HMS Thames (N71) was an ocean-going type of submarine of the River Class.  She was built by Vickers Armstrong, Barrow and launched on 26 February 1932. She was completed on 14 September 1932, and after commissioning was assigned to the Mediterranean, stationed at Malta.

Service history
She had a short career in the Second World War.  In August 1939 she was recalled to home waters, and was assigned to 9th Submarine Flotilla with the Home Fleet. From there she undertook interception patrols, searching for German U-boats, surface raiders and blockade runners.
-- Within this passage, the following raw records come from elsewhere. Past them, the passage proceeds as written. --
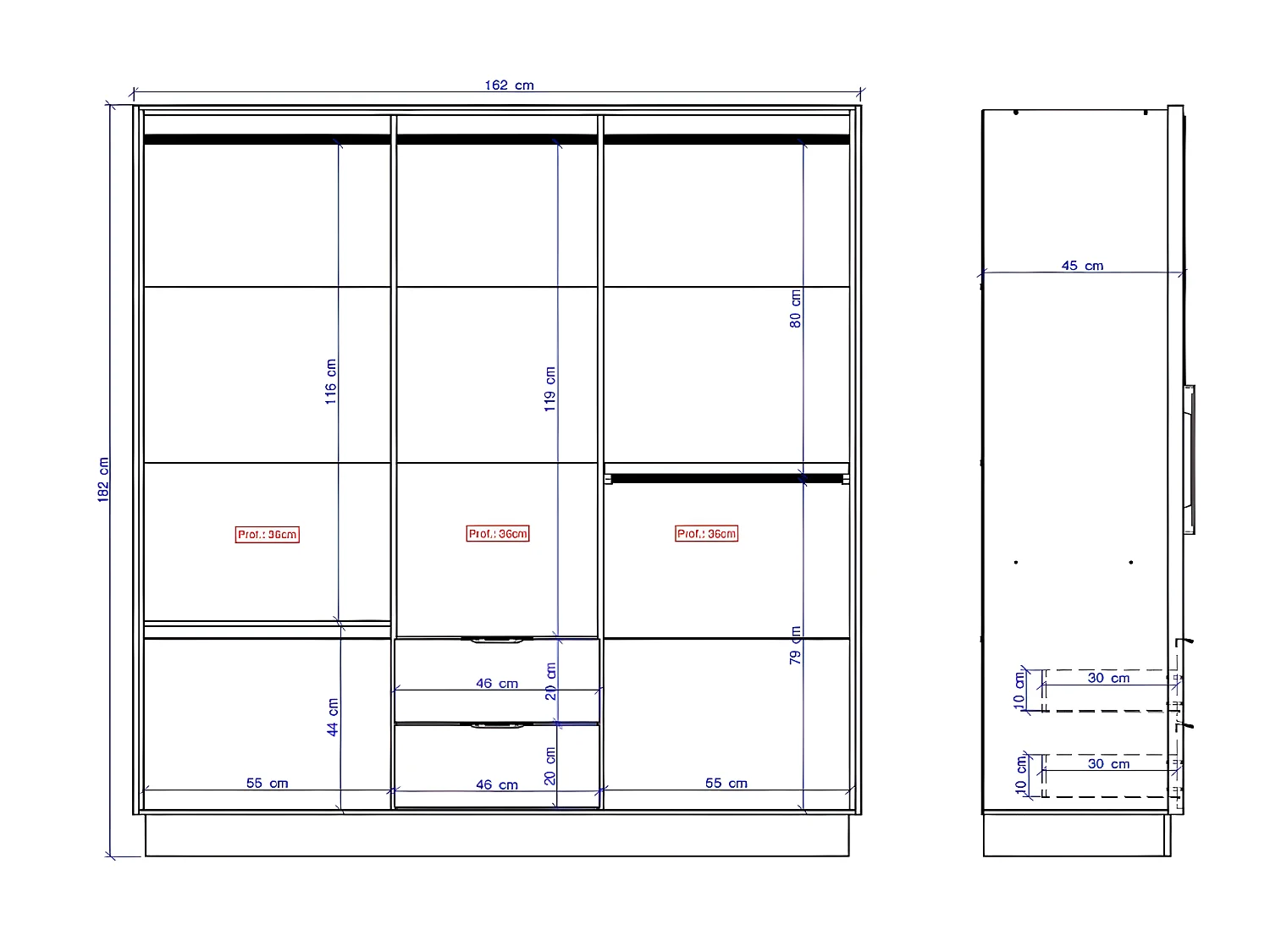 Eckkleiderschrank mit 8 Türen & 2 Schubladen - 263 cm - Weiß - FEOVA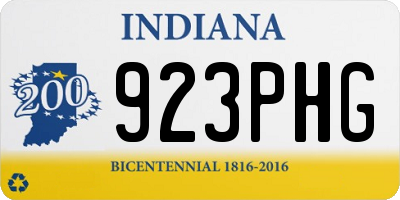 IN license plate 923PHG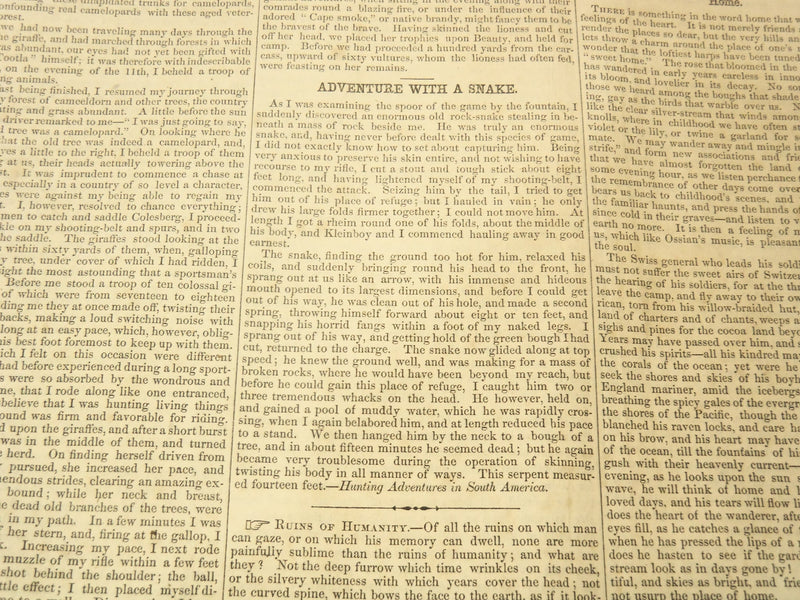 1850 SEPTEMBER 14 BOSTON MUSEUM NEWSPAPER - JENNY LIND - GIRAFFE - NP 9054
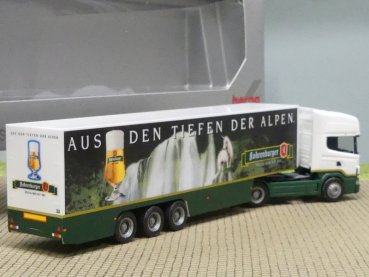 Preview: 1/87 Herpa Scania 144L Fohrenburger Bier Jumbo-Koffer-Sattelzug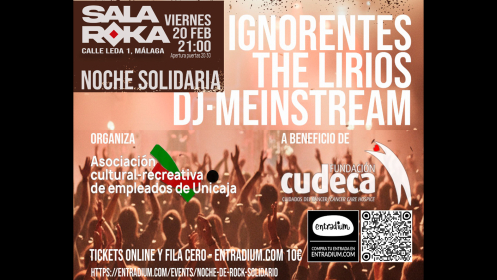 Noche de Rock Solidario, el Viernes 20 de Febrero, por solo 5€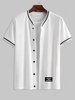 ZAFUL Chemise de Baseball de Sport Motif de Lettre en Maille à Manches Courtes S Blanc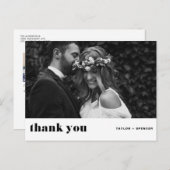 Retro Bold Typografy Black Wedding Vielen Dank Postkarte (Vorne/Hinten)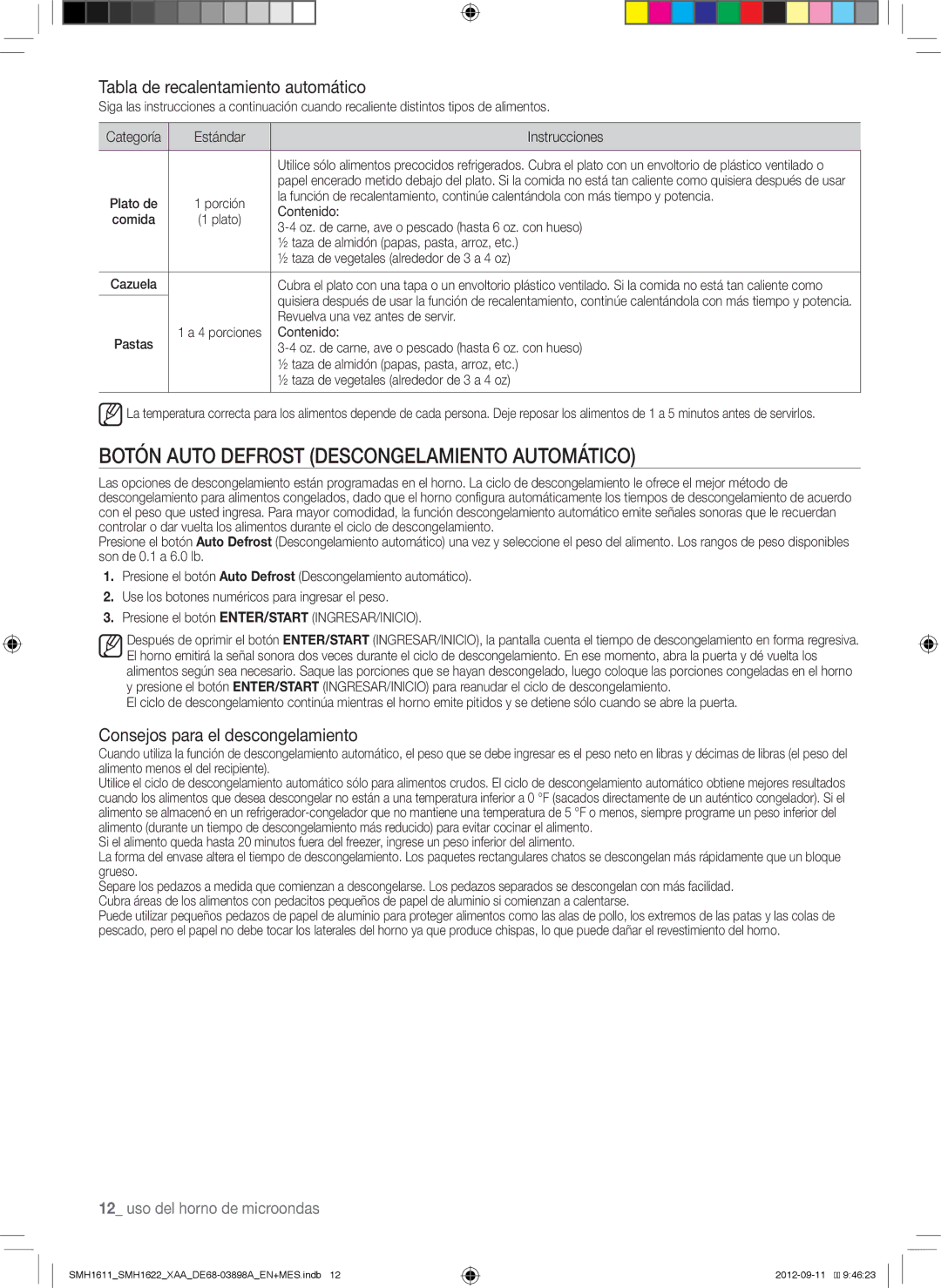 Samsung SMH1622S, SMH1611, SMH1622B Botón Auto Defrost Descongelamiento Automático, Tabla de recalentamiento automático 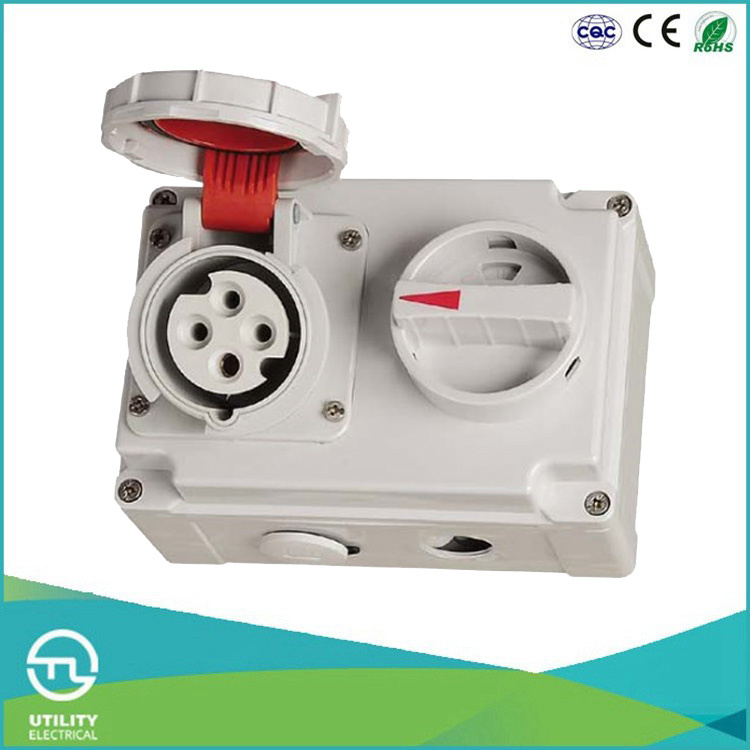 16A Waterproofing Female Socket with Switch and Mechanical Interlock
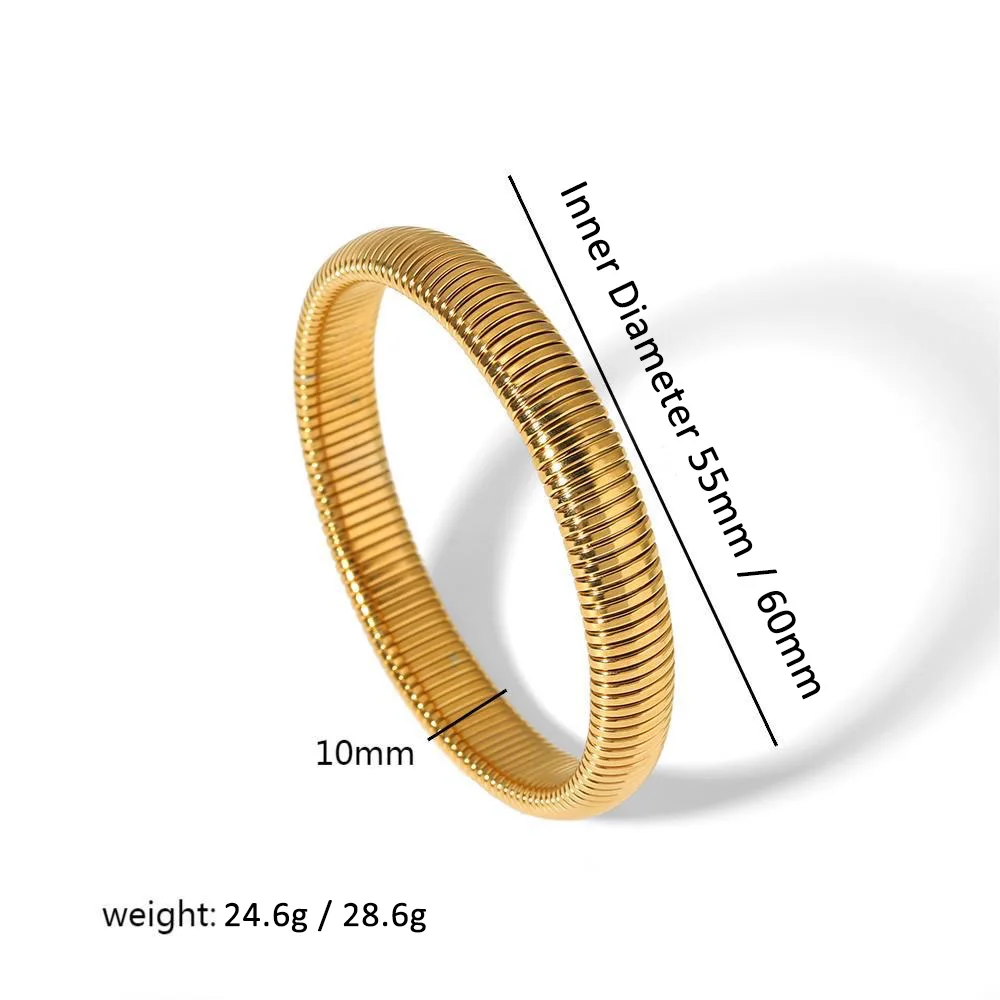 Stainless Steel Bangle - 18k Gold Plated Spiral Bracelet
After refitting during the winter she was active in the North Sea in spring 1940 during the Norwegian campaign.
In July 1940 Thames torpedoed and sank the German torpedo boat Luchs.  Luchs was part of the escort for the damaged German battleship Gneisenau that was on passage from Trondheim, Norway to Kiel, Germany.

Fate
Thames was reported overdue on 3 August 1940, and had probably struck a mine off Norway in late July or early August 1940.
As HMS Thames was operating from Dundee with the 9th Submarine Flotilla when she was lost, her crew are all commemorated on Dundee International Submarine Memorial.
The crew members are also commemorated at the Royal Navy Submarine Museum.

Commanding Officers
Both of HMS Thames' commanding officers were killed while in command of the vessel.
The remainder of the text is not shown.